PBSPro store the temporary output in its spool directory, which usually stays in /var partition of the standalone compute node, and not under /home user quota.
I encounter a problem, that some user might have some kind of malformed program. It doesn’t exit after encounter an error, but continuously print “Error encountered. Retrying…” and some debug info into its stdout, once in several millisecond.
It quickly eats up the /var partition, and render other jobs / system process unstable.
Is there an option to limit the maximum size of stdout and stderr of a job (which resides on compute node), but not interfere with its other behaviour (create other file in its CWD, on shared storage)?

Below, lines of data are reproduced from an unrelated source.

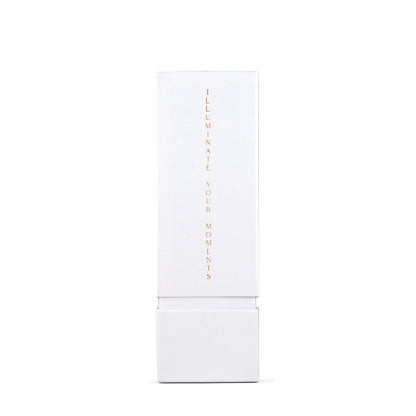 Kolekcia sviečok Luminary Candles GOLD, 100% prírodný perličkový vosk.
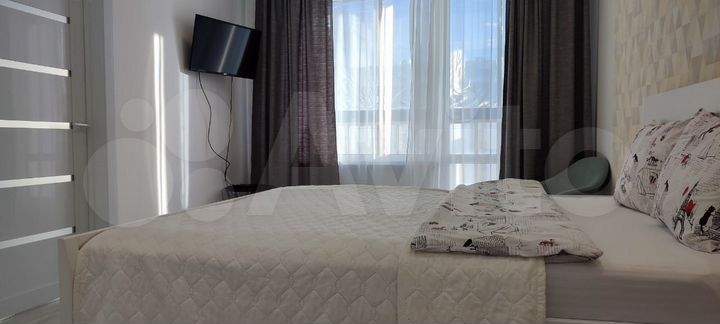 2-к. квартира, 40 м², 11/14 эт.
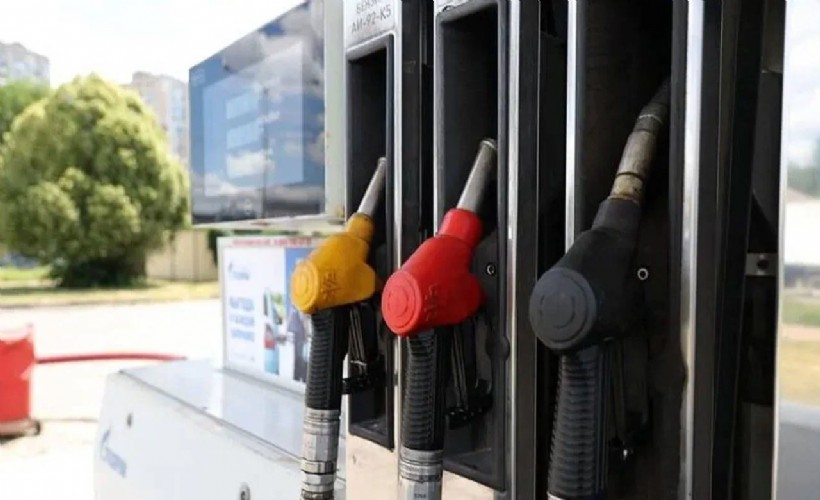 Fiyatlar değişti: Motorine indirim geldi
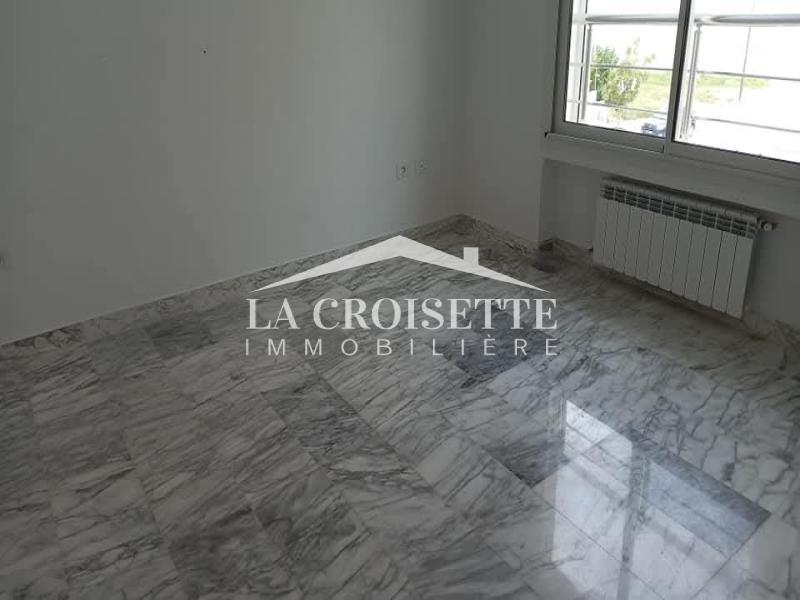 Appartement S+1 aux Jardins de Carthage 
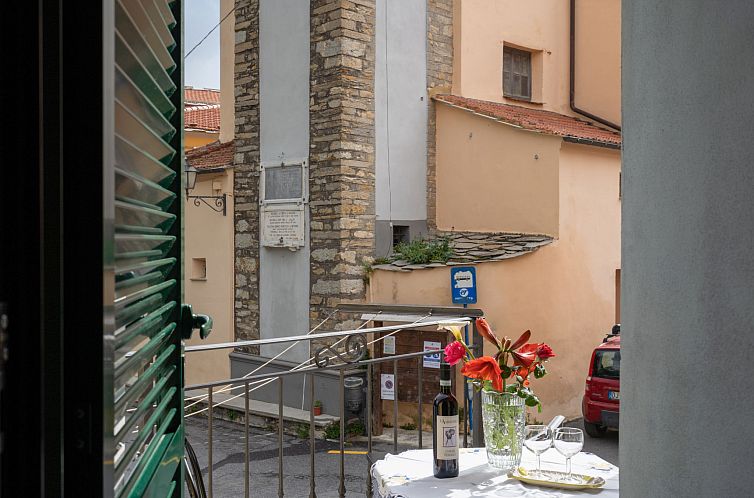 Vakantiehuis Ca' da Ciassa + Prima Porta (VLO132)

If that doesn’t give you enough control, you might consider writing a hook that creates a limited scratch space for each job. Here’s a nearly fourteen year old article (still accurate) on how to create and mount a virtual filesystem: https://linuxgazette.net/109/chirico.html
Of course, creating a virtual filesystem doesn’t guarantee your users will direct their output there. It may be like herding cats, depending on your users.

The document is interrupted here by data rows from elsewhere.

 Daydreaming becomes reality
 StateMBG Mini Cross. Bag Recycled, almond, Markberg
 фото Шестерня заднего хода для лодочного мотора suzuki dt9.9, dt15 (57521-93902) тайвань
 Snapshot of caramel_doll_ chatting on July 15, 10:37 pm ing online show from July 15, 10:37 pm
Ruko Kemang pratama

You might also consider changing the location of your spool directory by updating the /etc/pbs.conf file. Take a look at the variables PBS_HOME and PBS_MOM_HOME in the PBS Pro documentation. Don’t forget to restart PBS Pro if you make any changes.
The pseudo resource “file” will tell pbs_mom to set the RLIMIT_FSIZE (which applies per job process per file, not per job as a whole nor per all files as a whole) for the job and that includes the stdout/err files. The job will be allowed to finish once the limit is hit, but only the first N bytes will be captured in stdout, stderr, and any other files produced by job processes.